Treasury notes fell for a third straight day on a report showing U.S. economic growth exceeded forecasts last quarter and as global stocks rallied.
Yields reached the highest in more than a week as traders added to bets that the economy is strong enough to convince the Federal Reserve to raise interest rates as soon as next month, even after the recent global market turmoil. Prices fell on notes maturing in two through 10 years.
“The economic data suggest that things are on the right track,” said Thomas Simons, a government-debt economist in New York at Jefferies Group LLC, one of 22 primary dealers that trade with the Fed. “If commodities can stabilize, everything will look right with the world.”
The benchmark two-year yield rose two basis points, or 0.02 percentage point, to 0.69 percent as of 5 p.m. in New York, according to Bloomberg Bond Trader data. The 0.625 percent security due in August 2017 fell 1/32, or 31 cents per $1,000 face amount, to 99 7/8.
The 30-year bond advanced, halting a three-day decline. The prospect of the Fed’s first interest-rate increase in nearly a decade damped expectations for inflation, and can erode longer-maturity bonds’ fixed payments.
Global stocks gained Thursday. China’s government resumed its intervention in its stock markets and has been selling Treasuries this month to raise dollars needed to support the yuan, according to people familiar with the matter.
Traders are pricing in a 53 percent chance of a Fed boost before the end of this year, up from 46 percent two days ago, assuming the benchmark will average 0.375 percent after the first rise.
Seven-year Treasuries pared declines after the government sold $29 billion of the securities at a lower-than-expected yield of 1.93 percent. The security was forecast to draw a yield of 1.934 percent, according to a Bloomberg News survey of eight primary dealers. The bid-to-cover ratio was 2.53, above the average of 2.46 over the past year.

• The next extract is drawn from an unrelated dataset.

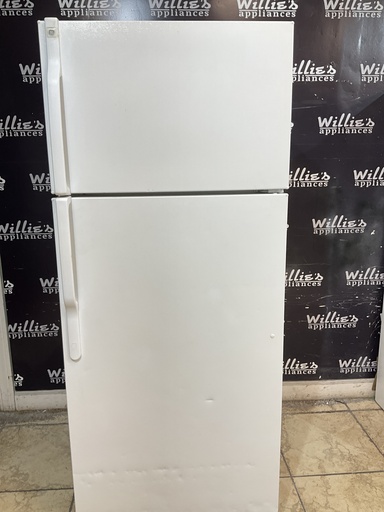 [107168] Ge Used Refrigerator Top and Bottom 28x67 1/2” (White) 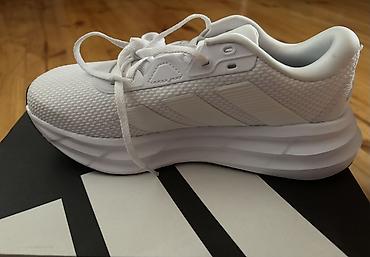 qacis ayaqqabi: Adidas, Ölçü: 37.5, rəng - Ağ, Yeni — 2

The nation’s gross domestic product rose at a 3.7 percent annualized rate from April to June, exceeding all estimates of economists surveyed by Bloomberg and up from the 2.3 percent rate the Commerce Department reported last month.
“We’re on pretty solid footing here domestically,” said Michael Lorizio, a Boston-based fixed-income trader at Manulife Asset Management, which oversees $302 billion. “Combine that with a risk-on mentality in stocks, and that makes sense” as far as why Treasuries are selling off.